• _INSTRUCTIONS FOR THE TASK_
Copy nothing but the lines running from the one containing "Overall, Explain Everything" through the end of the listing below. Drop the pictures.

• _DATA FOR ANALYSIS_

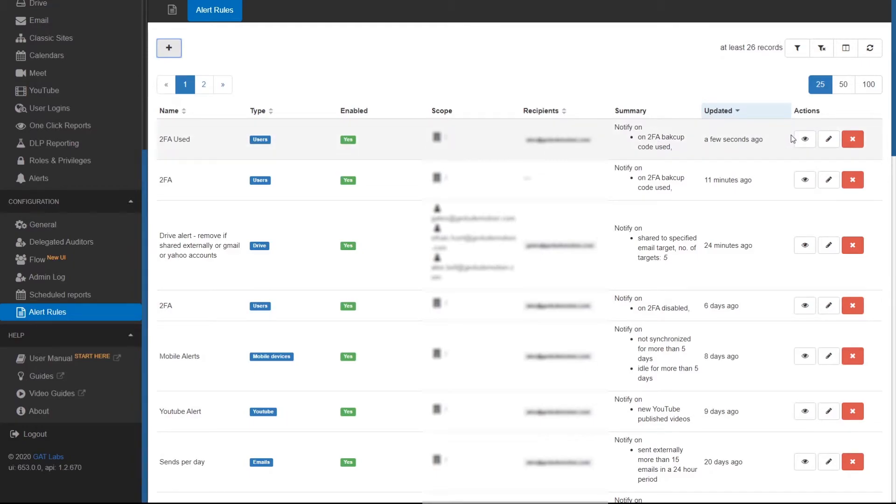When the rule is created, it can be found in the Alert Rules section in the Configuration menu, where it can be viewed, edited, or deleted.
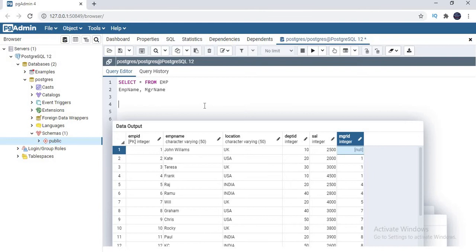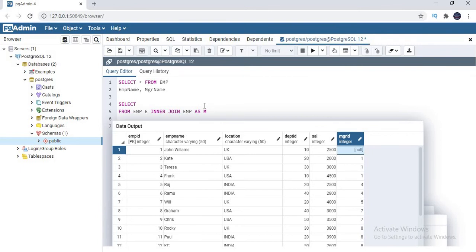Now let me write the query. Select star from emp — I am going to give it the alias name E. Then I am going to write inner join. Now you need to write EMP again, but I am making it as M. That indication will be easier for me. I am giving alias name M — you can give whatever name you want. The intention here is to identify what is the manager table and what is the employee table. You can use the AS keyword to make the alias name M.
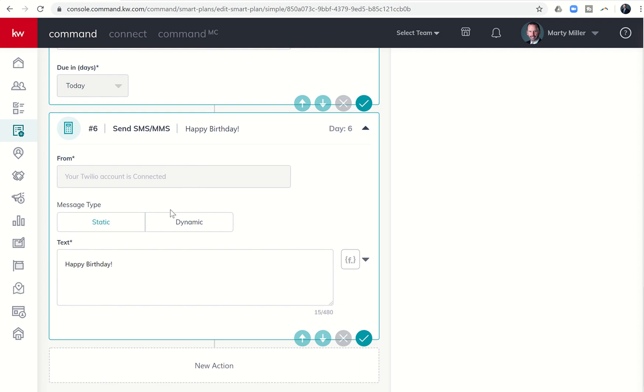Then it's the birthday social post and what we're looking to edit today, the SMS MMS text. So you can see as the plan is written, it just says happy birthday. And this is what I'm pretty sure was happening is that people had put me on their birthday smart plan in command, but I didn't know who they were.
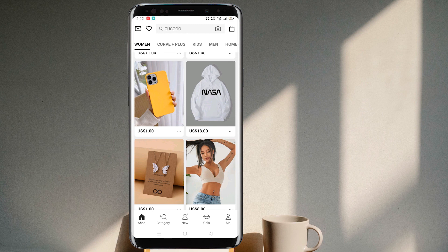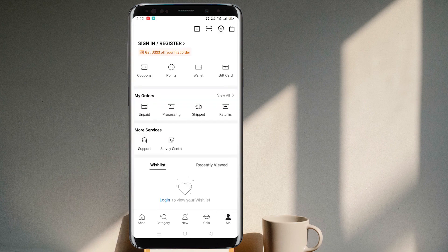In the bottom bar there are five options: Shop, Category, New, Gals, and Me. Go to the bottom right corner and choose the option Me. At the top you can see there is an option to sign in or register.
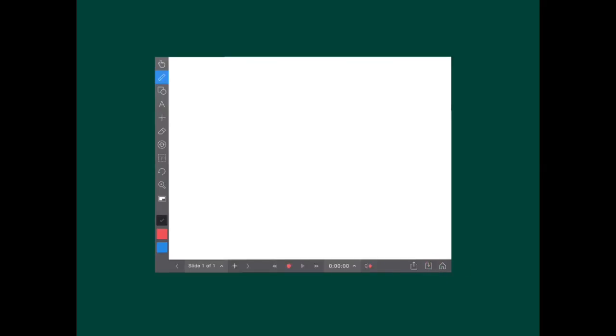Overall, Explain Everything is a good app if you want to make a project, but it might not be the greatest for note-taking.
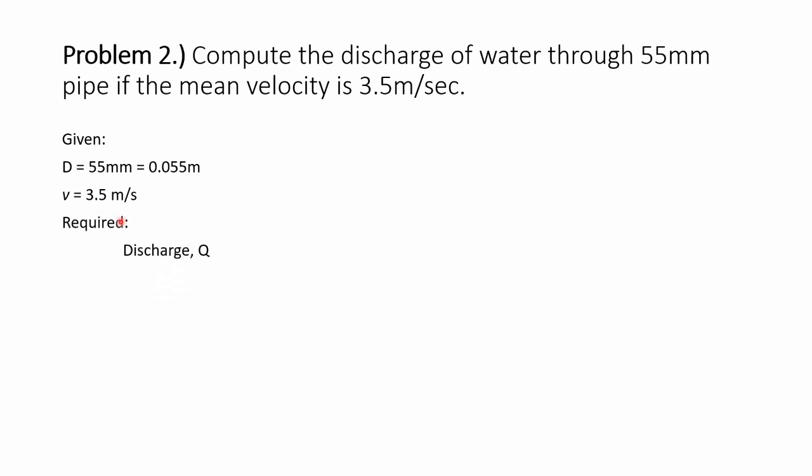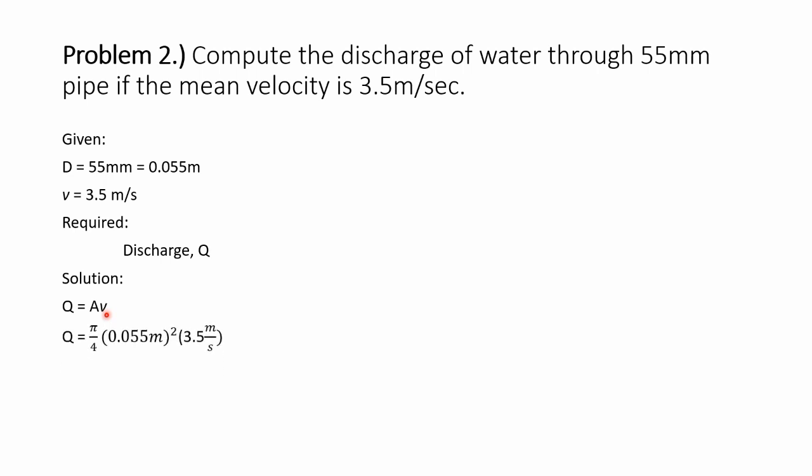And the discharge Q is given by the formula area times the velocity. And the area of the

• _REPLY TO THE EXERCISE_
Overall, Explain Everything is a good app if you want to make a project, but it might not be the greatest for note-taking.
And the discharge Q is given by the formula area times the velocity. And the area of the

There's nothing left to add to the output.